On that field you may find boredom...
pleasure...
challenge...
danger...
If there is a single other human being upon that field, all of these things, and more, are always possible.
Some situations require patience and diplomacy...
Some situations require action and forcefulness...
Still more situations require instant action and command decisions...
For any and all of these we must be prepared before they come. Usually there is no time to prepare after they come.

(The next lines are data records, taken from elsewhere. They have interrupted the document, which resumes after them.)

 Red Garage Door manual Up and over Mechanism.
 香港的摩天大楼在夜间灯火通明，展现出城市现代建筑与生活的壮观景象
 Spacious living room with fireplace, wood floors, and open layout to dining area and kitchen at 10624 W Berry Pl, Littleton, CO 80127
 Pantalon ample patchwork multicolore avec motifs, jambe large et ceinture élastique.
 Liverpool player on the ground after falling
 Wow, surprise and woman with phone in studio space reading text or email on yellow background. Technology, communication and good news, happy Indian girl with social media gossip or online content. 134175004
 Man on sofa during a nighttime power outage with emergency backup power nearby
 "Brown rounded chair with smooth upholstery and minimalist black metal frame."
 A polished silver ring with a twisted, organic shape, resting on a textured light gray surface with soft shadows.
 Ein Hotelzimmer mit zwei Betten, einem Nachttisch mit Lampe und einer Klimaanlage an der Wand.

I have always been intrigued by the field actions that are later evaluated by personnel sitting in a comfortable room, in comfortable surroundings, who take all of the time that they desire or require to evaluate what a Peace Keeper did in an action on the field. The Peace Keeper had little time to respond to some situation or threat that was presented to them. Response was necessary for survival and accomplishing the job of peace keeping. Success in many situations is determined by how a Peace Keeper responds and how quickly a Peace Keeper responds. Sometimes hesitation or acting too slowly means that the situation is past and now cannot be caught and handled. Some opportunities are lost when action is not soon enough.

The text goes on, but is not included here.